"I want to thank the Lord for letting me live in Riverview... Such a wonderful place.. Wonderful place to live. Everything was in Riverview.. grocery store, laundrymat, funeral home, Sarge's Place.. It's really gonna be missed because we were the first family to move in the apartments, December 1940.
I love Riverview always!
- Mamie Gillenwater
We got that note from Mrs. Mamie "Tootsie" Gillenwater in the Douglass Alumni Association Website office, right after she was forced to moved from Apartment 79 in the Riverview Apartments. The buildings were demolished a short time later to make room for the HOPE VI Homes Development, planned for the site.
The demolition broke the heart of the neighborhood matriarch everybody calls "Miss Mamie." She'd lived in Apartments 40, then 15, then 79. It was in 79 she got the news that the apartments were to be torn down.
"I had a fit when they came by and told me about what was going to happen here in Riverview," she remembers, "that they were tearing down all the houses. I said, 'you kidding.' They said 'no m'am.. we're telling the truth.' And then they told me when I had to move out. I cried and cried. I didn't know if we'd have a Riverview back or not."

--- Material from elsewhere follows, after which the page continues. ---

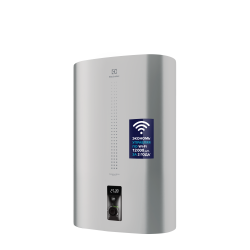 Накопительный водонагреватель Electrolux EWH 50 Centurio IQ 3.0 Silver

During the two-year time when most neighborhood residents were looking at an empty field that was better suited for Canada geese, Miss Mamie saw nothing. She refused to come back to see the ground where the apartments once stood.
"All that time, I wouldn't come over here," she says. "Period. Somebody said 'come on, let's go over and see what they're doing, what they're building' and I said 'no, I don't want to see it.' You remember Calvin... I was supposed to be with you all that day in the (Douglass School) auditorium ("The Last Great Program at Douglass"). "I said, 'no.. I don't want to see it. It just hurt too bad."
"I imagine there were a lot of tears that day."
She also remembers the opportunity she had to move into her late brother "O.M." Gillenwater's home at the corner of Carver and Douglass Streets, when his wife and her sister-in-law Ann, passed away.
"I didn't take it because I'd have to look over here and see no apartments," she says.
When Miss Mamie moved out of her Riverview apartment, her adventure really began. First stop.. The Washington School Apartments on East Sevier Avenue.
"They got some beautiful apartments there," she says, "but the first day over there, I fell. This ole walker was so slick over there. I fell and couldn't get up, and I had to call somebody on my monitor. I fell a lot over there."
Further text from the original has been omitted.